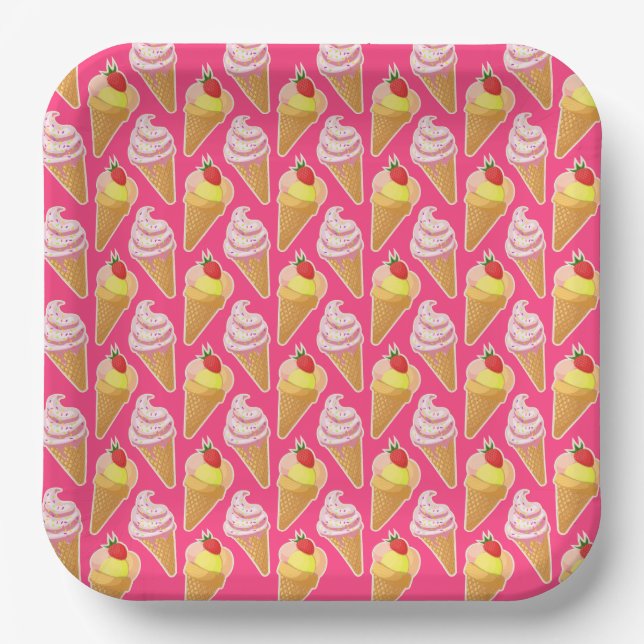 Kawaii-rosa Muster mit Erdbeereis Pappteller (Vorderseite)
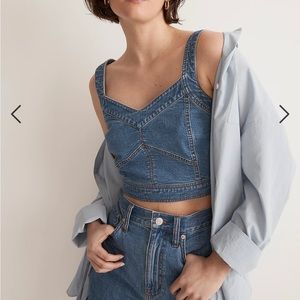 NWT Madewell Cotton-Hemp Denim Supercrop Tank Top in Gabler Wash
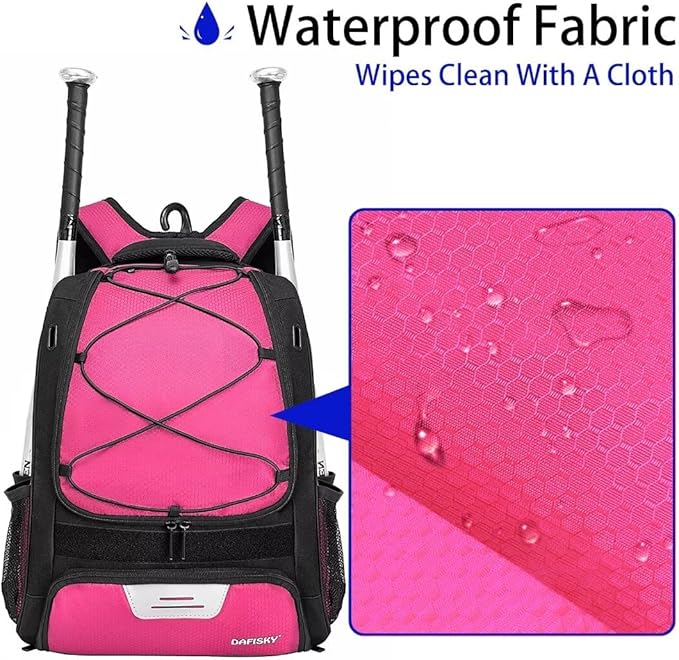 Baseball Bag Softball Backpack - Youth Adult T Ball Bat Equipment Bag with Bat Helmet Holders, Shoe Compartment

[Assigned task]: Copy out the data verbatim, excluding the pictures.

[Response area]:
 Kawaii-rosa Muster mit Erdbeereis Pappteller (Vorderseite)
 NWT Madewell Cotton-Hemp Denim Supercrop Tank Top in Gabler Wash
 Baseball Bag Softball Backpack - Youth Adult T Ball Bat Equipment Bag with Bat Helmet Holders, Shoe Compartment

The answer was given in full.